In our studies we want to create a feasible and safety path to move autonomously our electric wheelchair in indoor environment.

The algorithm created can be divided in 3 different stages:

  1. Image elaboration
  2. Shortest path using A*
  3. Optimization with rubber band algorithm

During the first stage the path planner take the image of the map as input together to the initial and final wanted point. It elaborates the image and take care of walls, doors and size of robot in order to generate the map of the free space for the POC (Point of control) of the robot.

In the second stage the planner calculates the shortest path that connects the initial and the final point using the well-known “A* algorithm”. It returns a path that run very close to walls and with sharp corners in which the robot have to stop-rotate an then restart.

Therefore a stage of optimization is needed.
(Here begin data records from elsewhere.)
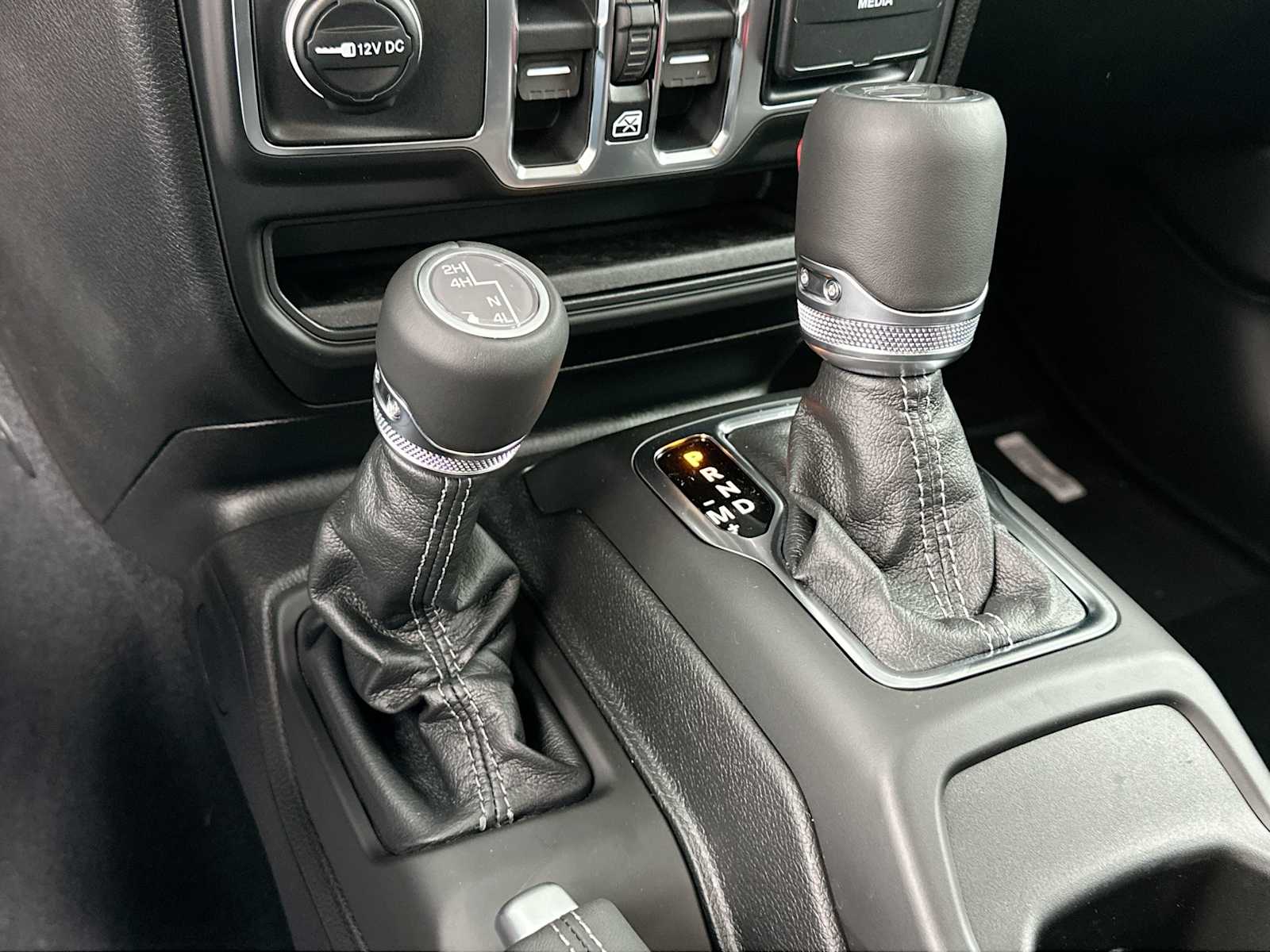 Thumbnail: 2026 Jeep Gladiator - 21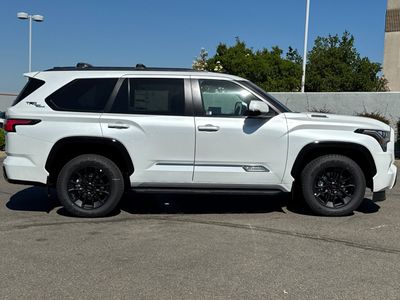 2026 Toyota Sequoia - Photo 8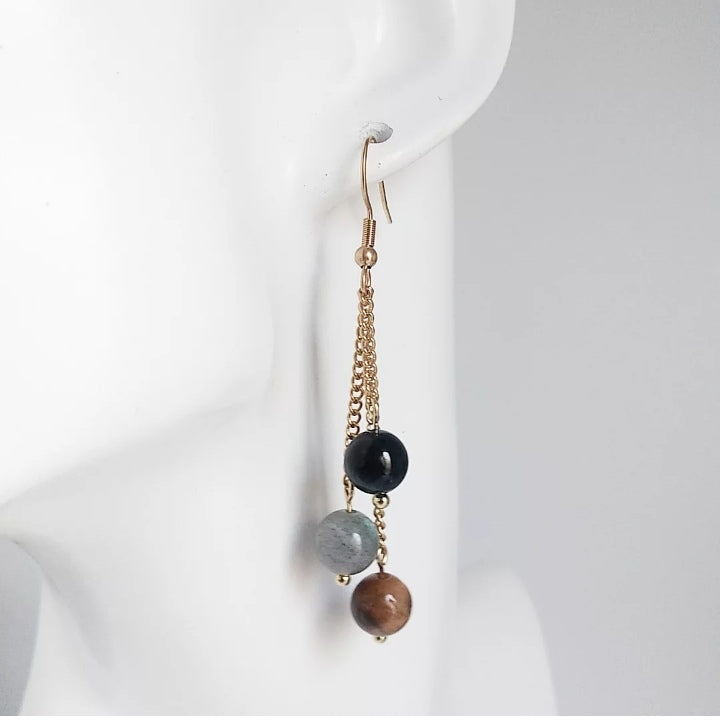Boucles d’oreilles Triple Protection en Tourmaline, Labradorite et Œil de Tigre. Bijou doré ou argenté pour allier élégance et protection énergétique.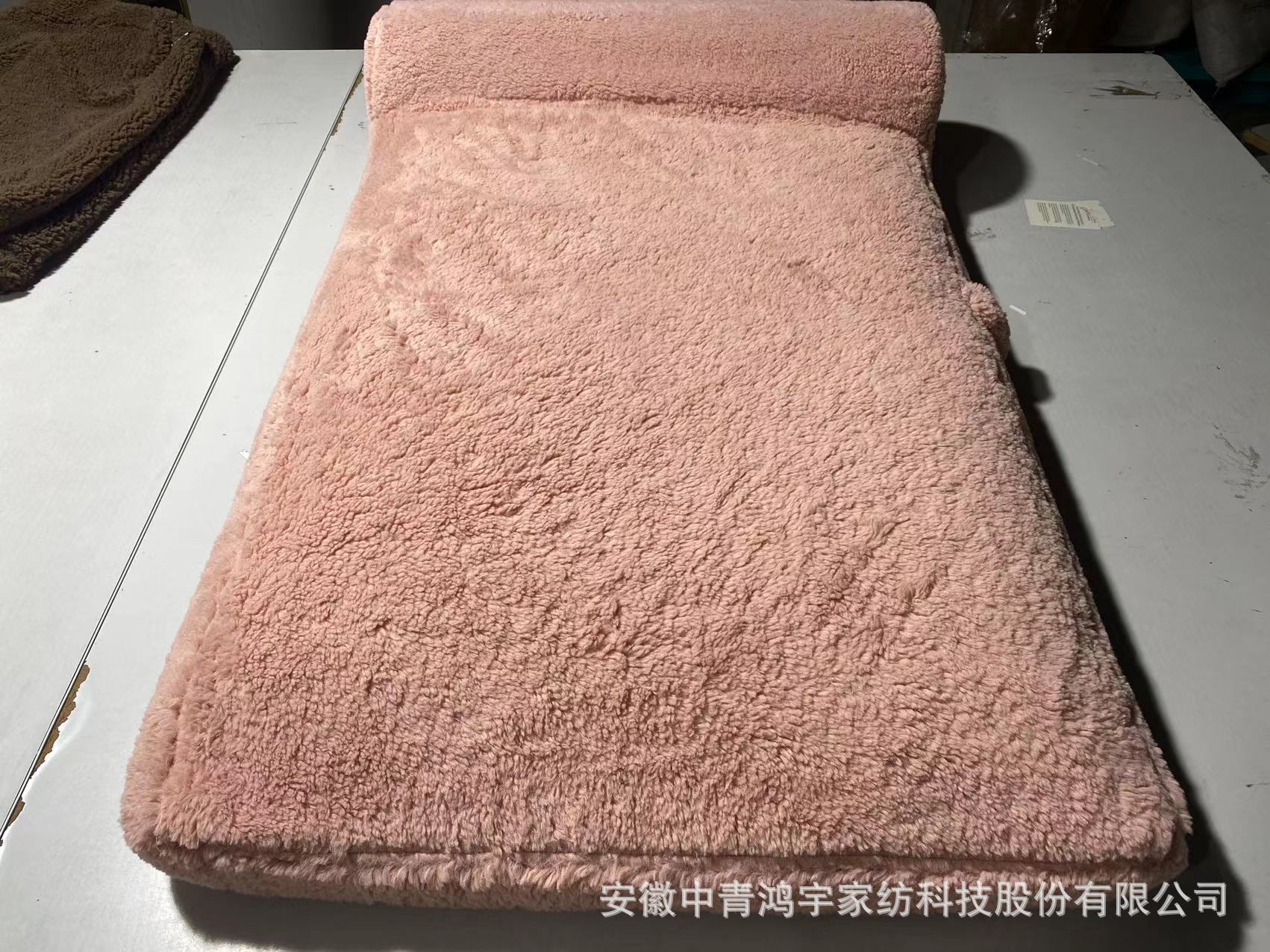 Công ty Nguồn Hong Yunn đã sắp xếp cho con thú cưng hải cẩu nóng bỏng lên giường tán xạ BED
The revisited version of the rubber band algorithm is used for this task.

The path obtained from the previous stage is turned into a series of masses and springs while the walls create a potential field of repulsion. Every single mass now sense the elastic force and the potential field, this leads to a movement of every single mass in it’s point of equilibrium.
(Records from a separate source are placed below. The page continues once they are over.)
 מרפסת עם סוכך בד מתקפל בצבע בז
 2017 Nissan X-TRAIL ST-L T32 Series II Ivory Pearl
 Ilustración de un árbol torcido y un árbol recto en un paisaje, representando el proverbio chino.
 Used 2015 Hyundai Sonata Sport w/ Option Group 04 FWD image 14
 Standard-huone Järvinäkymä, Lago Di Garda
Setting properly the stiffness of the springs leads to obtain a path that is far away from the walls and w/o discontinuity in the graph of the curvature.

All of this is not enough for us. Another important task is to generate this path in a very fast way. So, the algorithm was optimized even in this sense and, at the end, it produces outputs only 300 milliseconds after input received.

For testing the whole work were created three different application:

  • A console application (for friends it’s the NERD application) in which all commands and communications are written in white over black;
  • A console application (for friends it’s the NERD application) in which all commands and communications are written in white over black;

  • A Unity based Virtual reality application in which you can see a virtual wheelchair that follows the path from the previous position to the selected final point.

The optimized path is visually better than the A* path even if it’s a bit longer. Viewing the graph of Curvature over distance, is easy to see that the blue line (optimized one) is smoother and with maximum absolute value lower than the yellow one.

The last graph is showing the comfort perceived by the user seated on the wheelchair. You can see that the wheelchair is very comfortable at a speed of 0.2 m/s.

Thanks for reading and remember… Don’t try this at home!